Sin embargo, las restricciones sanitarias vigentes obligaron a modificar una de las citas ganaderas más esperadas: la tradicional feria de ganado vacuno no pudo celebrarse. A pesar del contratiempo, el sector estuvo magníficamente representado por una espectacular exposición equina que captaba las miradas de profesionales y curiosos. “Hemos querido innovar y, por eso, debajo de la carpa donde debía estar el vacuno, hoy tenemos talleres de artesanía, de lana…”, destacaba Edurne Maguregui, teniente de alcalde de Abadiño.
Los numerosos puestos de venta atraían a productores de toda Euskal Herria e incluso de lugares vecinos, como León, con sus quesos, o Cantabria, con sus embutidos. “Está todo riquísimo”, confesaba una cuadrilla de Abadiño mientras degustaba pastel vasco llegado de Orozko. Entre la oferta destacaba una novedad: por primera vez acudieron a Urkiola las madres dominicas del convento de Elorrio, provistas de un amplio surtido de repostería que ellas mismas elaboran en la villa. “Hemos andado tarde pero la providencia nos ha dejado un sitio en Urkiola. Si nos va bien, vendremos más años”, señalaba con optimismo la madre superiora que les acompañaba.
Como manda la tradición, la gran roca que preside la entrada del santuario volvió a ser el punto más concurrido. Decenas de personas cumplieron con el rito de dar vueltas a la misteriosa piedra meteorítica. Unos lo hacían con la fe puesta en encontrar pareja, mientras que otros buscaban, simplemente, atraer la buena suerte para la salud. “Doy vueltas para pedir a Osakidetza que me opere de la cadera cuanto antes. Hace dos meses que pasé por el anestesista y espero entrar a quirófano en agosto", deseaba entre risas el durangarra Juanjo Fondado, resentido de la cadera.
La gran afluencia colapsó los accesos en coche desde primera hora de la mañana. A las once, las retenciones eran ya interminables en el puerto abadiñarra, a pesar del servicio especial de autobuses fletado por la Diputación de Bizkaia para disuadir del uso del vehículo privado. “Habría que pedir al Ayuntamiento que echara un poco de gravilla en el parking, ¡cuántos baches!”, se quejaba una cuadrilla llegada de Durango.
En ese mismo aparcamiento descansaba Joseba Martín, quien había salido a las siete y media de la mañana para subir andando desde Atxarte. “Para llevarme un buen recuerdo quería una foto en la piedra, pero está resultando imposible”, reconocía con resignación mientras miraba el río de gente que rodeaba la roca Tximistarri llena de gente.

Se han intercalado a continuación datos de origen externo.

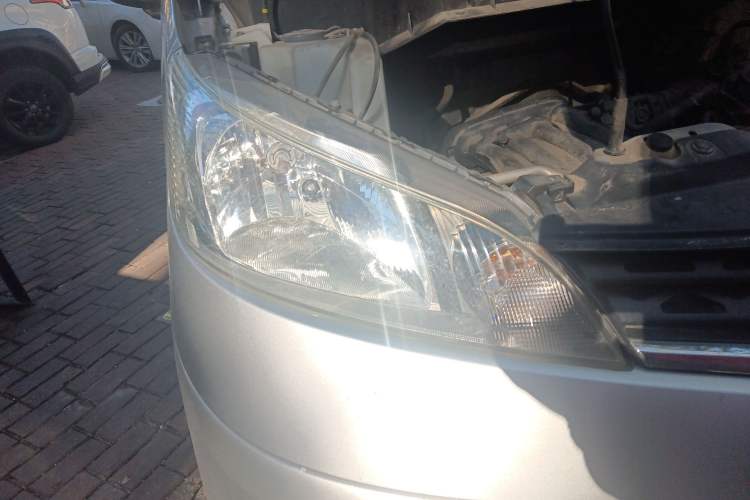 Used Nissan NV200 2010 1.6L Luxury Model Right Front Headlight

Los Sanantonios de este año han estado cargados de simbolismo y novedades en la gestión del propio santuario. Se trata del primer año en el que Mikel y Juanjo ejercen como los nuevos 'guardianes' de Urkiola. Tomando el relevo en la acogida y el mantenimiento de este espacio tan querido, ambos se convirtieron en los grandes protagonistas silenciosos de la organización, recibiendo el cariño y el reconocimiento de los habituales del lugar.

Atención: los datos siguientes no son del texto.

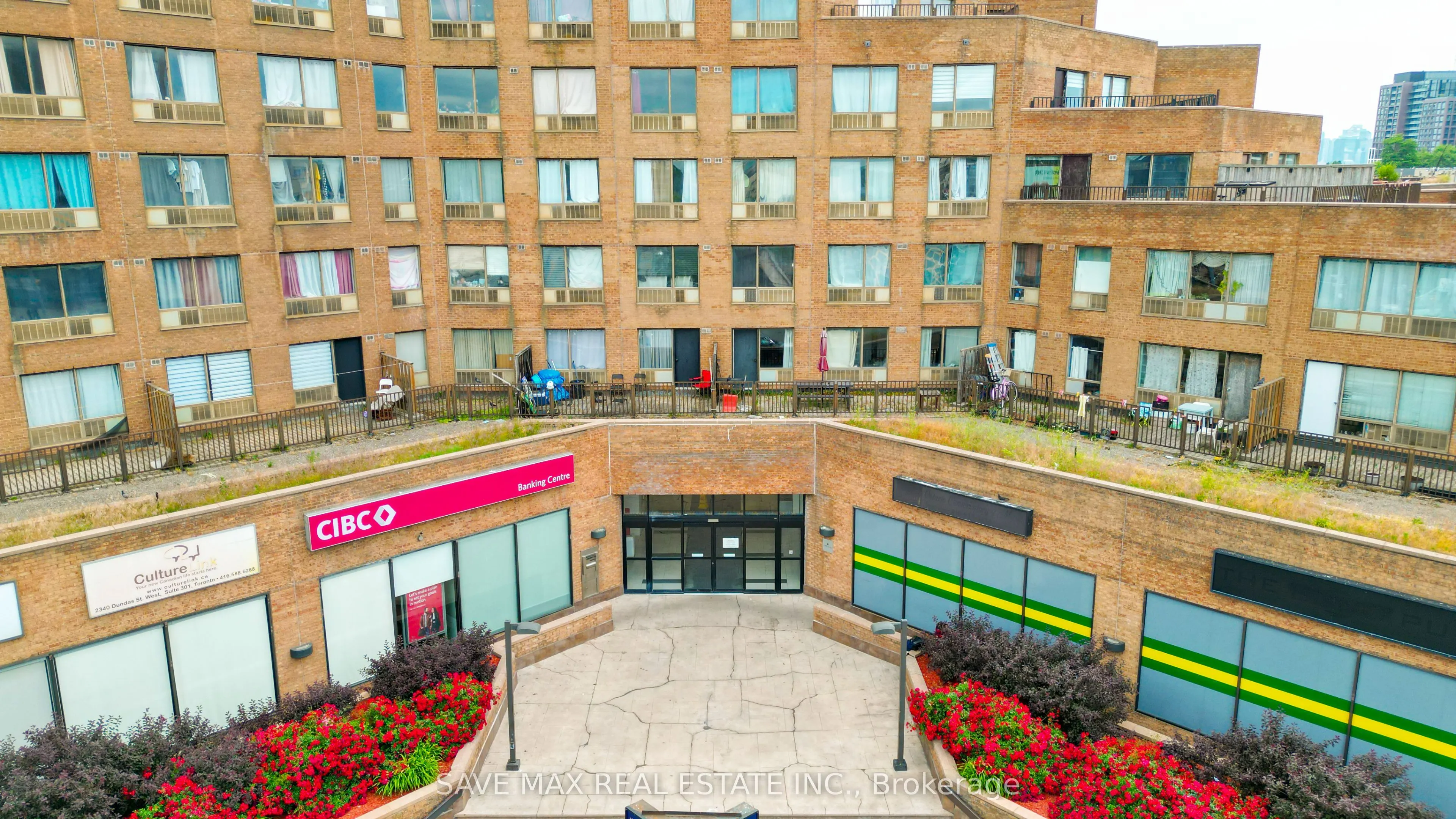 2340 Dundas Street W, #G15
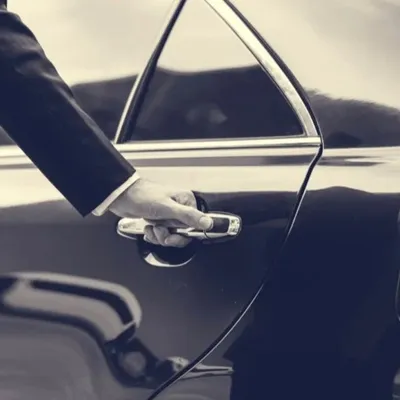the quiet luxury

Domingo: 'Errepetiziño Eguna'. La actividad y el fervor en Urkiola no se detienen. Tras la multitudinaria jornada del sábado, las campas se preparan para acoger este domingo el tradicional Errepetiziño Eguna. La jornada dominical mantendrá un carácter algo más íntimo, entrañable y vecinal, centrado principalmente en la celebración de las misas mayores y en el desarrollo de varios actos culturales que servirán para poner el broche de oro definitivo a las grandes fiestas del mundo rural en Durangaldea.